Both Indonesia and Vietnam are developing countries with a long history of agricultural production. For you, how can an agriculture-based economy use trade as one of the driving forces for inclusive growth?
Agriculture is a sector that has multiple functions in the economy. It can be a source of growth for the national economy, a provider of investment opportunities for the private sector, and a prime driver of agriculture-related industries and the rural non-farm economy. In Indonesia, most trade in agriculture is an SME activity. SMEs are fundamental in achieving inclusive growth which touches the lives of the most vulnerable and, most of times, marginalized society, namely women, minorities, and other disadvantaged groups. Furthermore, Indonesia is committed in supporting and driving SMEs to empower by facilitating capacity building programmes and giving management for micro business.

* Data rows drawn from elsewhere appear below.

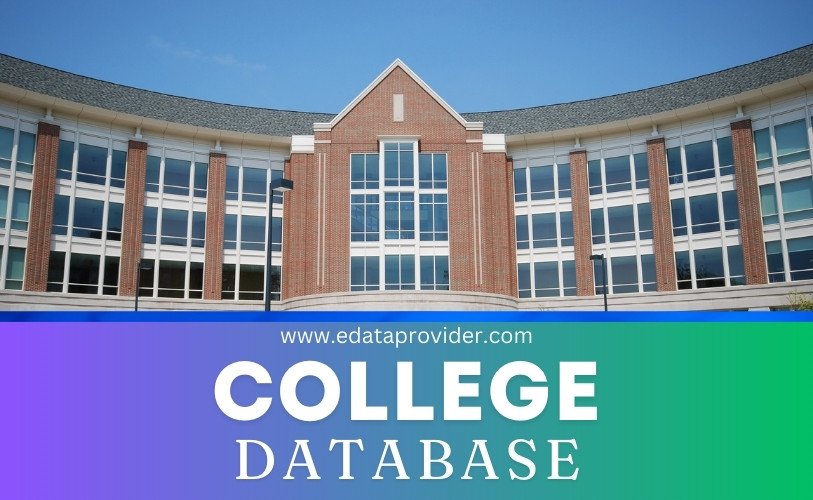 All India College Data List Database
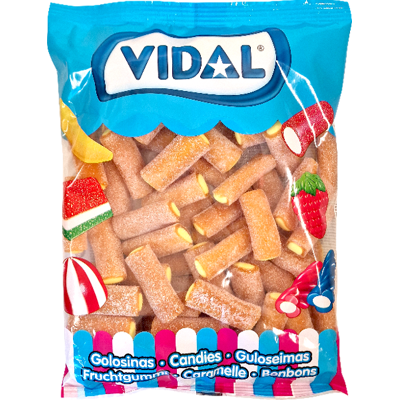 Vidal Xl Sour Mango Passion 1kg Vidal Xl Sour Mango Passion 1kg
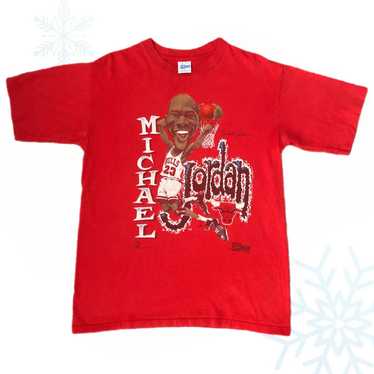 Salem Sportswear Vtg Michael Jordan Chicago Bulls 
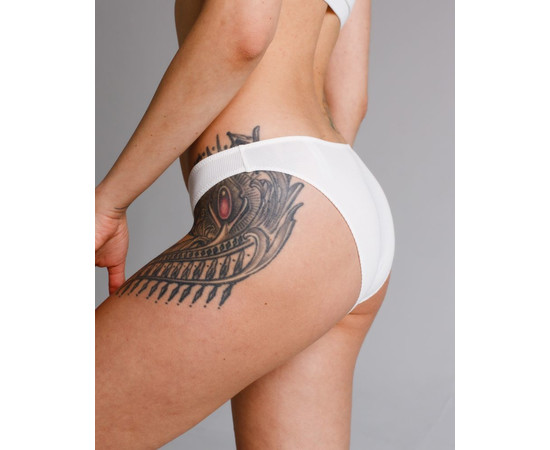 Зображення 5 Жіночі труси сліпи Комфорт молочні р. S, "БІЛИЙ ХАЛАТ" 490-370-901, Розмір: S, Цвет: молочний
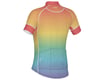 Image 2 for Primal Wear Women's Evo 2.0 Short Sleeve Jersey (Rainbow Roadie) (M)
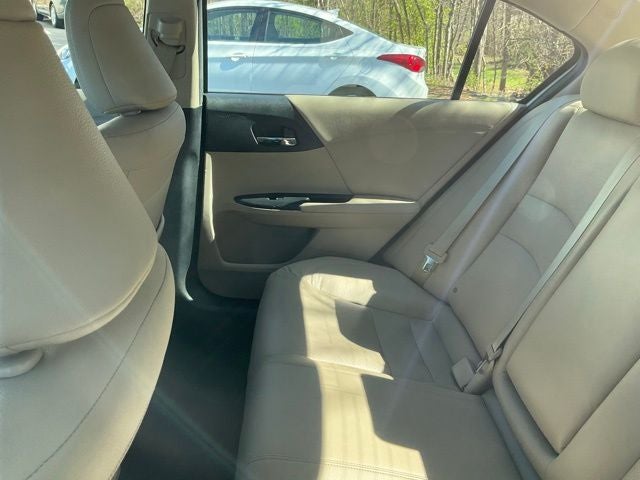 2015 Honda Accord EX-L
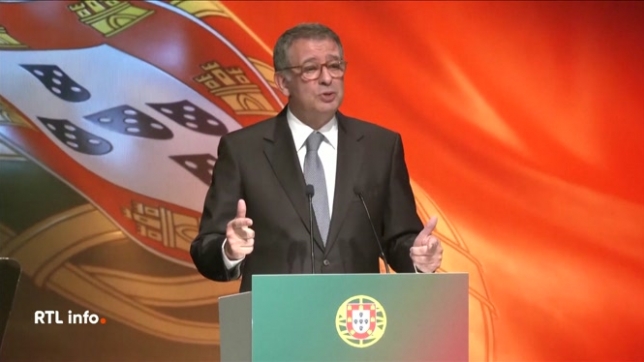 Le socialiste modéré Antonio José Seguro a remporté dimanche le second tour de l'élection présidentielle au Portugal, avec 66% des suffrages contre le candidat d'extrême-droite André Ventura (34% des voix).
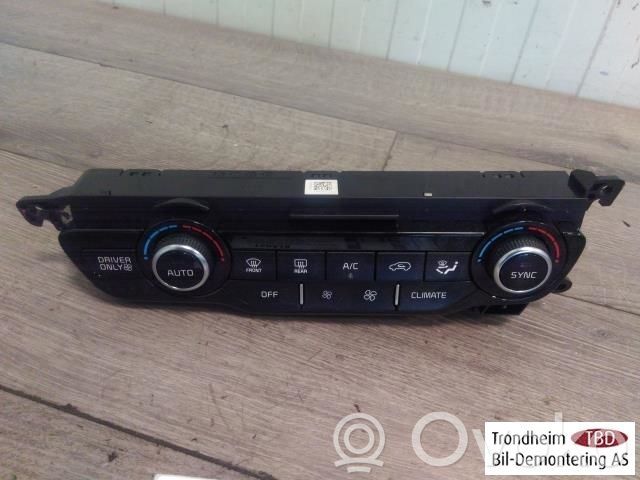 KIA Niro Climate control/heater control trim 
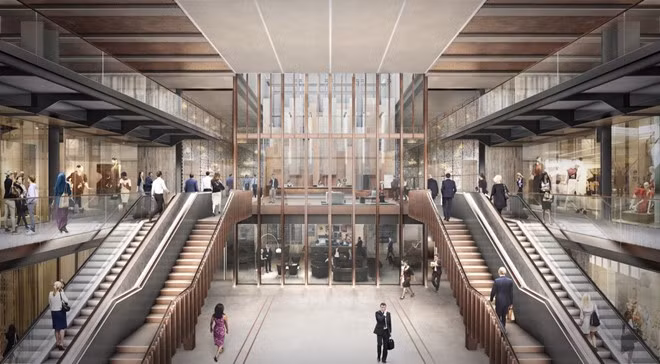 Trụ sở của Apple dự kiến được đặt ở vị trí nồi hơi cũ của nhà máy, nơi từng được đưa vào hoạt động từ năm 1983. Theo đó, gã khổng lồ công nghệ sẽ chuyển đến Battersea vào năm 2021 cùng toàn bộ 1.400 nhân viên làm việc tại Anh.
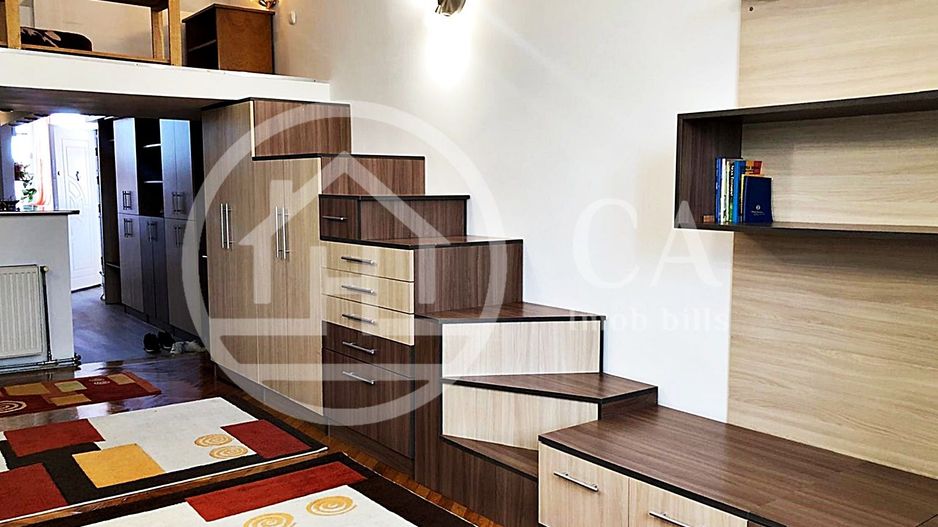 Apartament de inchiriat cu 1 camera Ultracentral, Oradea - Poză 1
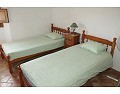 Preciosa casa de campo de 5 dormitorios y 4 baños en Raspay. in  Dream Villas Alicante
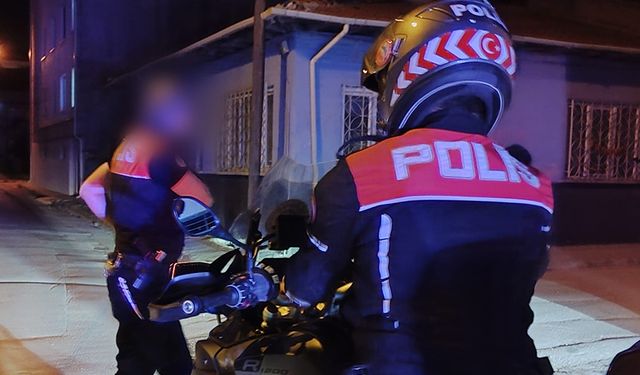 Eskişehir'de 6 yılla aranıyordu: Yunuslardan kaçamadı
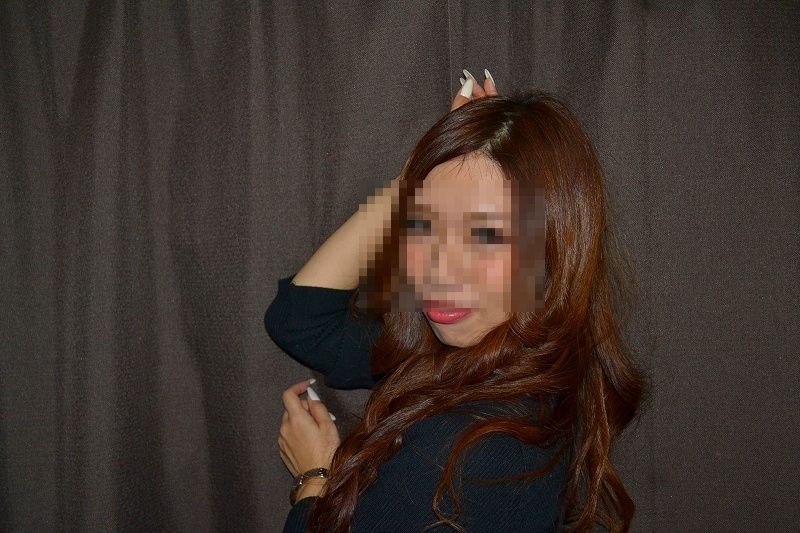 275 28歳フリーモデル Crush Sole Booth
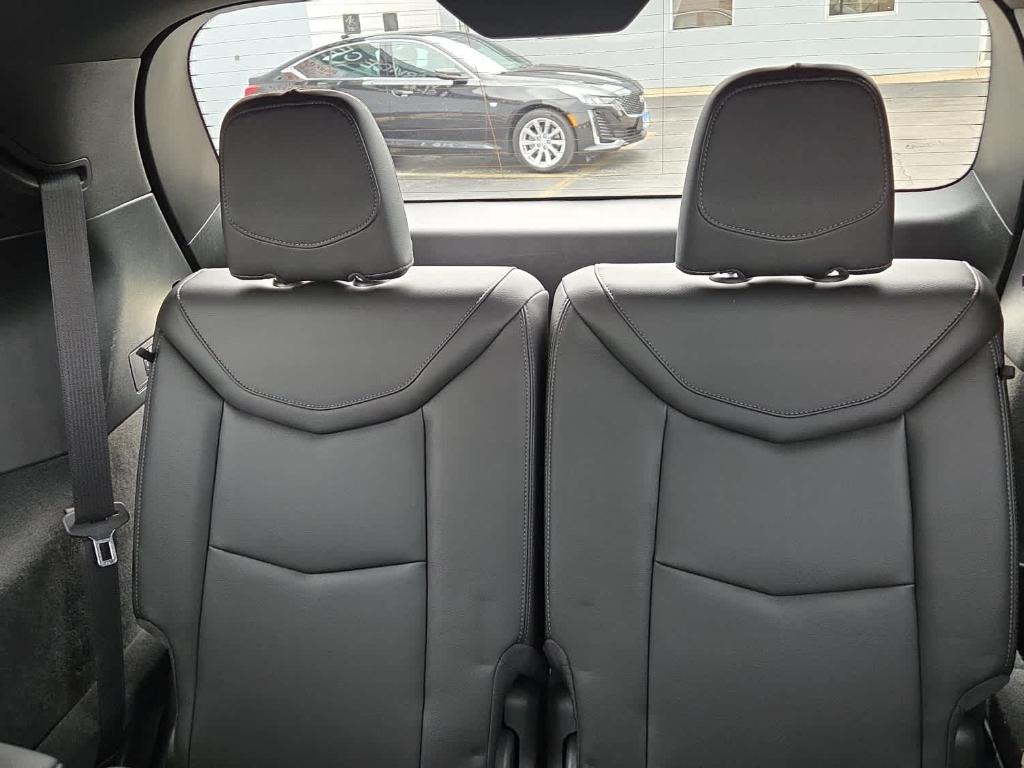 2024 Cadillac XT6 LUXURY AWD photo 14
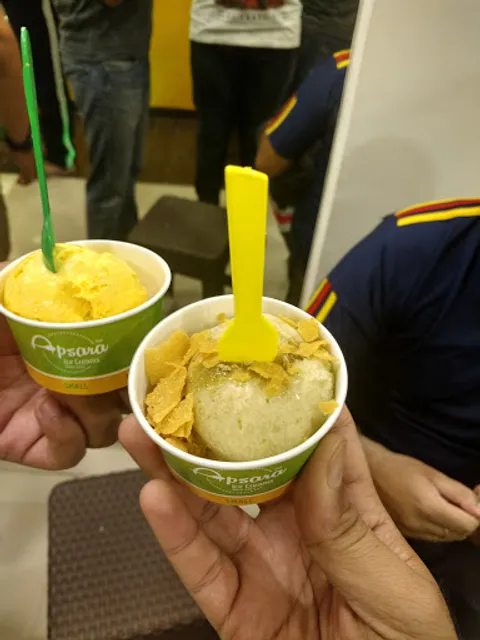 Apsara Ice Cream
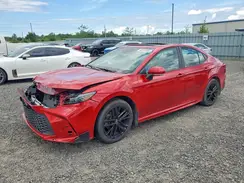 4T1DBADK4SU005349 2025 TOYOTA CAMRY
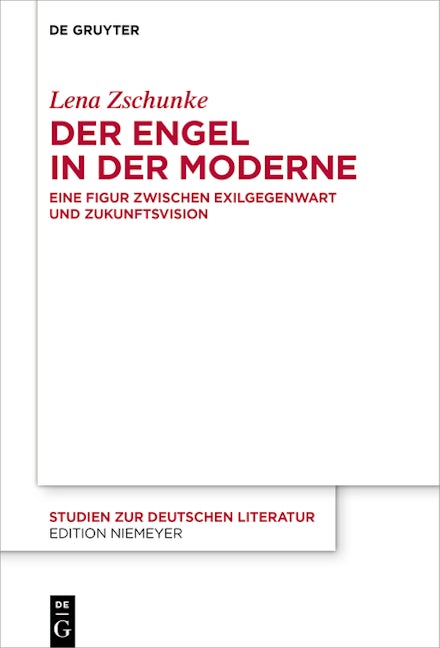 Der Engel in der Moderne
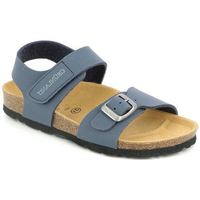 Schoenen Kinderen Sandalen / Open schoenen Grunland DSG-SB0234 Blauw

Existing trade flows are very important for production development in Asia-Pacific countries. However, barriers to trade (tariff and non-tariff barriers) are becoming a challenge for this value chain in the Asia–Pacific. In your opinion, how should we focus on solving this issue?
Tariffs or restriction protect domestic industries and coworkers from foreign competition by raising the process of imported goods. Over the past years, Indonesia has implemented a number of trade and investment measures to develop local industries. Indonesia is working closely with ASEAN Economic Community, together currently representing more than 15 per cent of all foreign value added exports.

As ASEAN countries, we should focus on the key issues, among others: prioritise trade facilitation measures that have greater potential in increasing bilateral trade, accelerate regulatory reforms, increase investment in transportation and logistics infrastructure, and publish trade information online.

Trade effects in production on rural development and poverty reduction in the Asia-Pacific are well-respected. Could you please share more detail about this issue?
The role of trade in economic growth and development is recognised as essential to the well-being of the small rural producer in the developing countries. It is about empowering the rural.

Globally, the issue of poverty continues to be a challenge despite increasing urbanisation. The promotion of the rural economy in a sustainable way has the potential of increasing employment opportunities in rural areas, reducing regional income disparities, stemming premature rural-urban migration, and ultimately reducing poverty at its very source.